Court Rules That Maine Rx Can Move Forward

Donna Young

A federal appeals court last Thursday denied a petition by the Pharmaceutical Research and Manufacturers of American (PhRMA) to review the court’s May 16 ruling to lift an injunction on Maine’s discount drug and price control program.

In that May ruling, a three-judge panel of the 1st U.S. Circuit Court of Appeals in Boston upheld legislation that created the program known as Maine Rx.

The program will allow the state to negotiate lower prices with pharmaceutical companies for its 325,000 uninsured or underinsured residents. The program is open to all Maine residents.

If negotiations with drug makers do not lead to major price reductions, the state will impose price controls by 2003.

PhRMA sued the state last year, arguing that Maine Rx would hurt Medicaid recipients and would violate the Constitution's commerce clause by seeking to regulate commercial transactions that take place outside of the state.

A federal district court’s ruling last October prevented the state from implementing Maine Rx.

But in May, the appellate court reversed the district court’s decision.

The higher court said Maine Rx did not violate the commerce clause "because it does not regulate conduct occurring outside the state, but only regulates in-state activities."

Under Maine Rx, the state will provide health care providers and the public with the names of manufacturers who do not enter into rebate agreements. The drug products from all noncompliant drug makers will require prior authorization and cannot be dispensed to a Medicaid beneficiary without the approval of the state.

PhRMA contends that the Maine Rx Program will harm Medicaid recipients by impeding access to their physicians' first-choice medications.

But the appellate court disagreed with PhRMA.

"The Act sets forth prior authorization procedures that are consistent with those explicitly permitted by Medicaid," the court said. "PhRMA has not established at this point that the administrative burden imposed by prior authorization will likely harm Medicaid recipients. In the absence of such evidence, we cannot conclude that the Act violates the Supremacy Clause."
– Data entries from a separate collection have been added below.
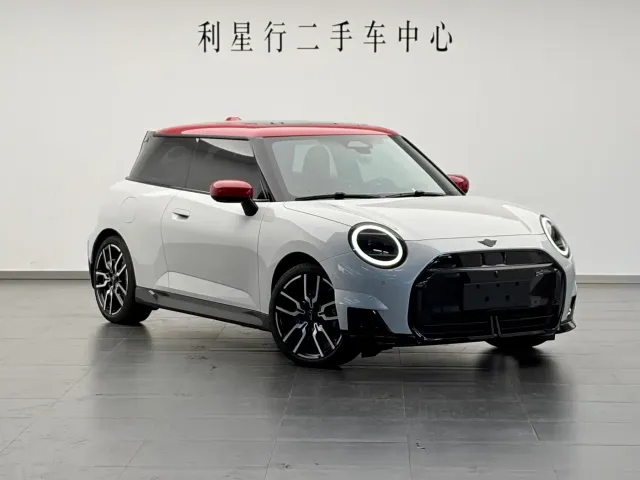 MINI Cooper — Фото автомобиля 3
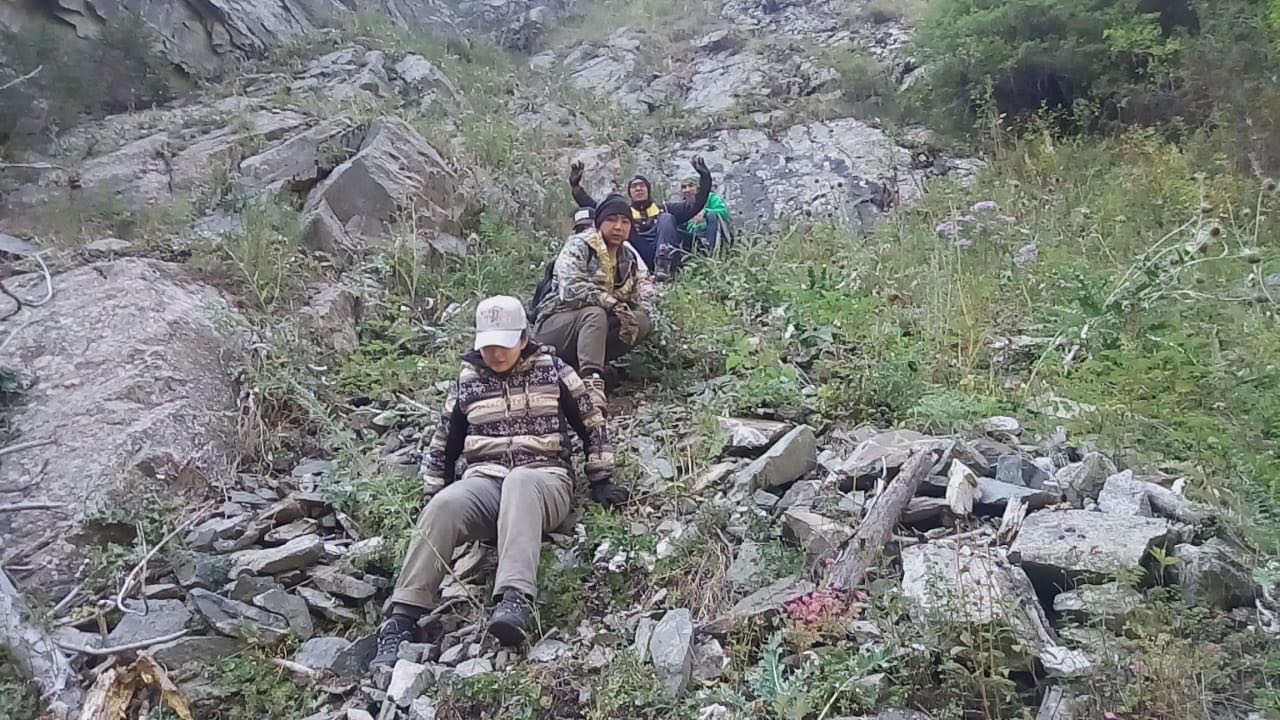 Спасатели вызволили 7 человек из ущелья близ Алматы 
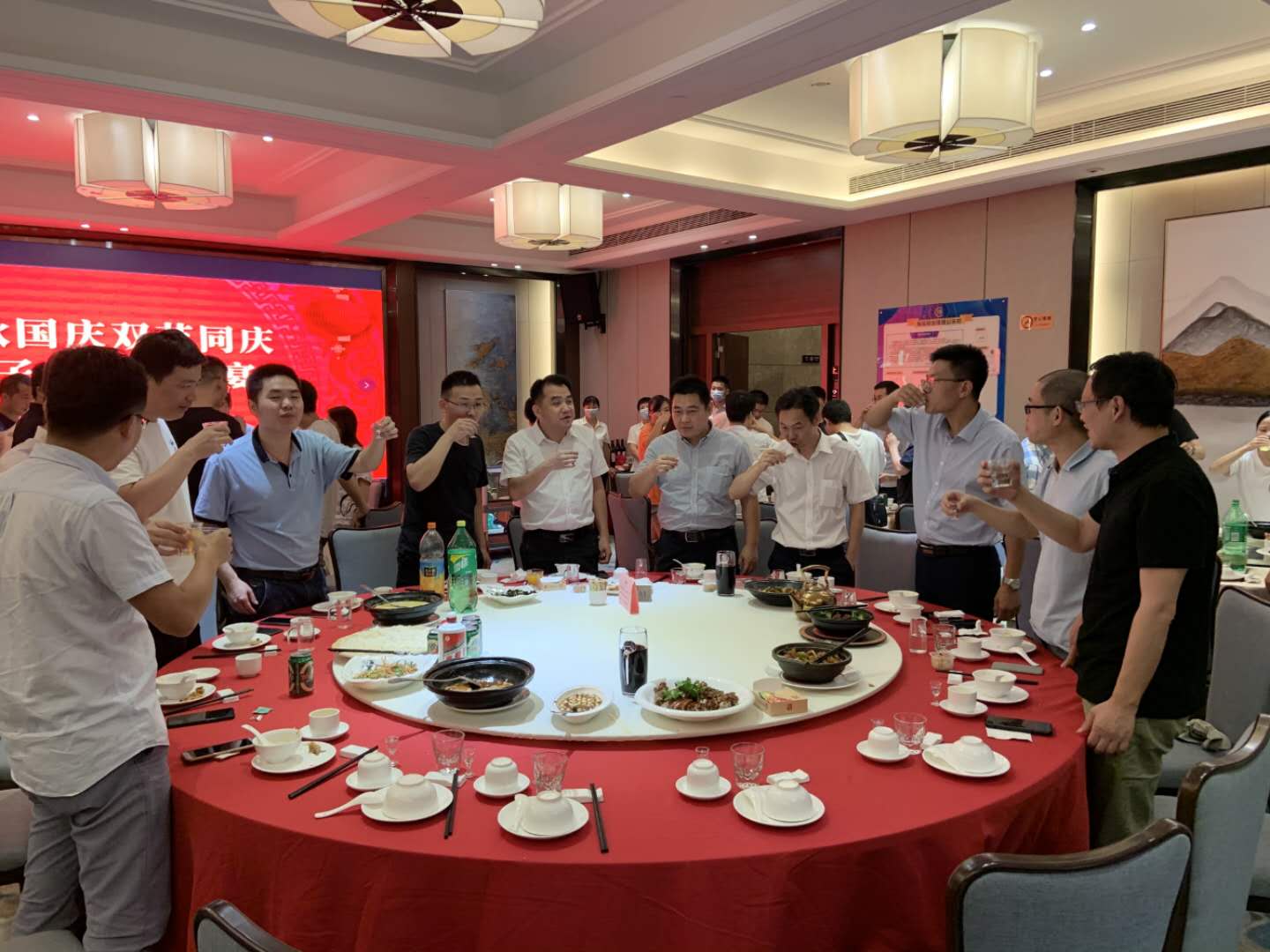 中秋國慶雙節(jié)同慶，旭子家人團(tuán)圓宴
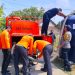 Polsek Pebayuran Kawal Penyaluran 5.000 Liter Air Bersih bagi Warga Terdampak Kekeringan
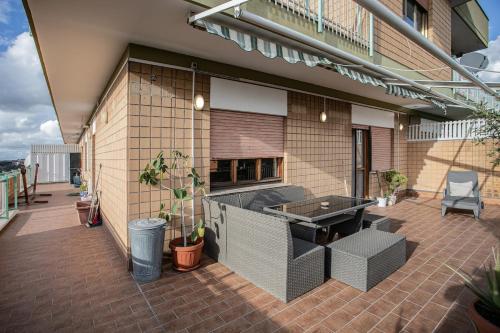 Bright three-room apartment near downtown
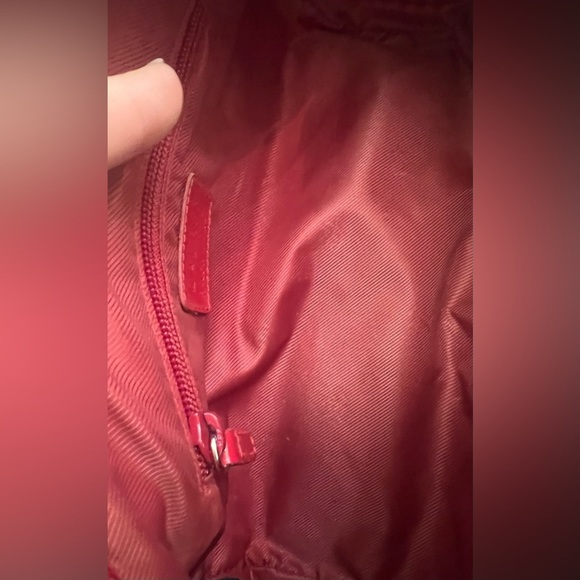 Ralph Lauren Black & White Houndstooth Shoulder Bag with Red Patent Trim - Picture 7 of 7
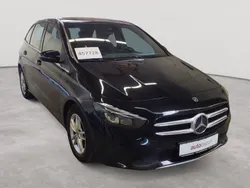 Kosmosschwarz metallic Gebraucht 2020 Mercedes B200 Style Van / Kleinbus | 19.990 € (Guter Preis)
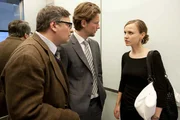 Kerstin (Nadja Becker, r.) sucht das Gespr&auml;ch mit ihren Mitarbeitern Simon (Bert Tischendorf, M.) und Gregor (R&uuml;diger Klink, l.), denn nach der allj&auml;hrlichen Betriebsfeier und der darauffolgenden, verh&auml;ngnisvollen Nacht, steht die sonst m&auml;nnerverachtende Chefin vor dem schwierigsten R&auml;tsel ihres Lebens: Wer k&ouml;nnte der Vater ihres ungeborenen Kindes sein?; Kerstin (Nadja Becker, r.) sucht das Gespr&auml;ch mit ihren Mitarbeitern Simon (Bert Tischendorf, M.) und Gregor (R&uuml;diger Klink, l.), denn nach der allj&auml;hrlichen Betriebsfeier und der darauffolgenden, verh&auml;ngnisvollen Nacht, steht die sonst m&auml;nnerverachtende Chefin vor dem schwierigsten R&auml;tsel ihres Lebens: Wer k&ouml;nnte der Vater ihres ungeborenen Kindes sein?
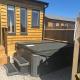 Edgmond Lodges - 1 & 2 Bed Luxury Log Cabins with Private Hot Tubs Derbyshire Hilton - Фото 2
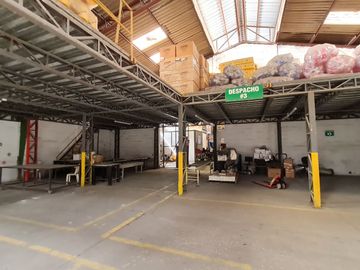 Venta de Galpón Industrial con Oficinas en el Sector Vía Durán Tambo Km 4.5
But the court left an opening for PhRMA to have the case revisited. "Since both sides agree that the prior authorization requirement is the ‘hammer’ or ‘force’ that coerces manufacturers to enter into the Program, the possibility that first-choice drugs will not be readily approved where second-choice inferior alternatives exist concerns us," the court said last month in its opinion.

"We simply cannot say on this record that the Act conflicts with Medicaid's requirement that state Medicaid plans assure that care will be provided in a manner consistent with the recipients' best interests.

"This decision is without prejudice to PhRMA's right to renew its preemption challenge after implementation of the Act, should there be evidence that Medicaid recipients are harmed by the prior authorization requirement ‘as applied.’"

The state said the program will go into effect this fall.